29.04.2015
As
avionetas percorrem o céu lançando para a terra salva- vidas. Aterram aqui - à
mão, onde o apocalipse despoletou sem aviso e invisível. Aterram aqui, mas não
lhes toco. Cá em baixo é calmo, terreno fértil para um outro tipo de morte. Foi
um tiro sem som. Lento. Um desabar sem escombros. Continuam a lançar
salva-vidas de diversos tipos e essências, ainda não desistiram de mim. Aposto
que lá em cima fazem apostas. Não sou ingrata, sou inerte. Não quero barcos,
nem aviões, nem escadas, nem mãos. Estou aqui, impassível. Mas transcendo às vezes plácida, no espaço
que antecede um verso derradeiro de um poeta do meu sangue. Transcendo em
tesouros secretos da solidão - breve saciar espiritual sem enlevo protuberante
das tempestades que galvanizam o sangue e a razão.
As avionetas
não cessam, substituem-se umas às outras. Talvez um dia deixem de aparecer e eu
continuarei aqui, sem hipótese de sair para a promessa de outros mundos fora
deste. Mundos intocados e de outras poesias. Mundos sem mácula, ainda virgens. Sairei
daqui.
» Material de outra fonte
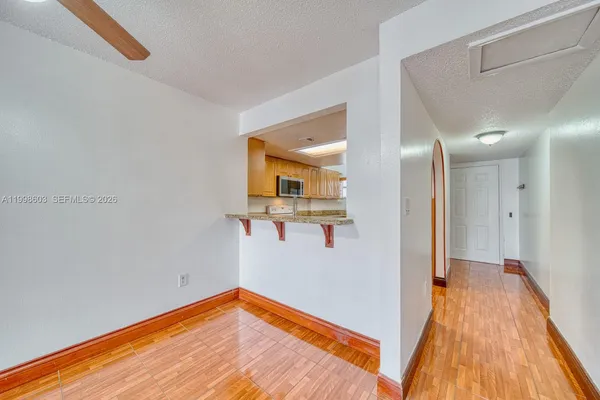 $2,300 | 840 Southwest 105th Avenue, Unit 318, Miami, FL 33174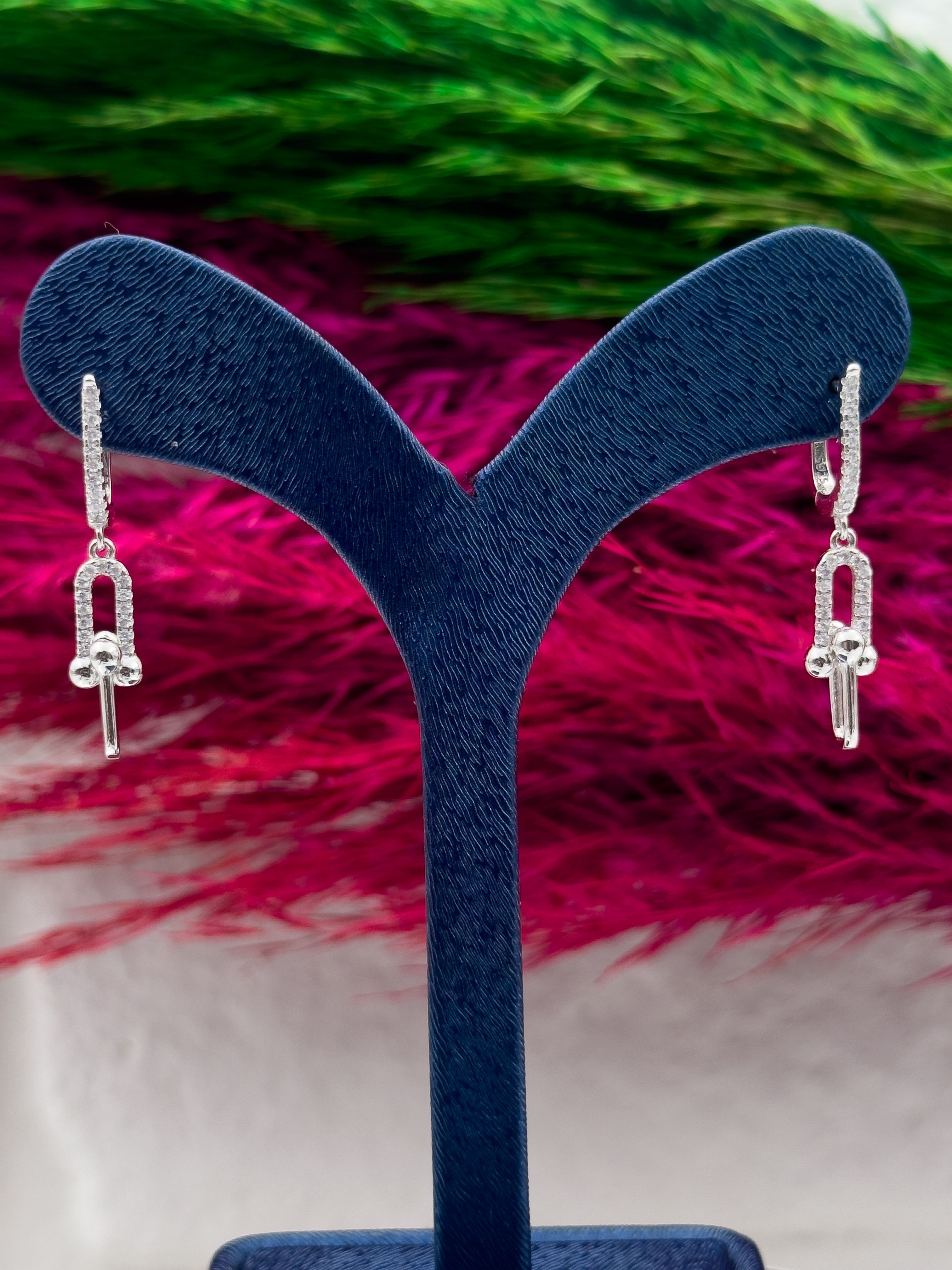 925 Ayar Gümüş Özel Tasarım Ataç Modeli Popüler Kadın Küpe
Se eu não adormecer aqui… quando um beijo for mais que um beijo, quando
as minhas mãos tremerem, quando a minha voz tremer e quiser mais que o meu
silêncio e a minha pele estiver pronta a sentir e os meus olhos finalmente
abertos à morbidez da desolação que começa em mim. Talvez aí – sairei daqui.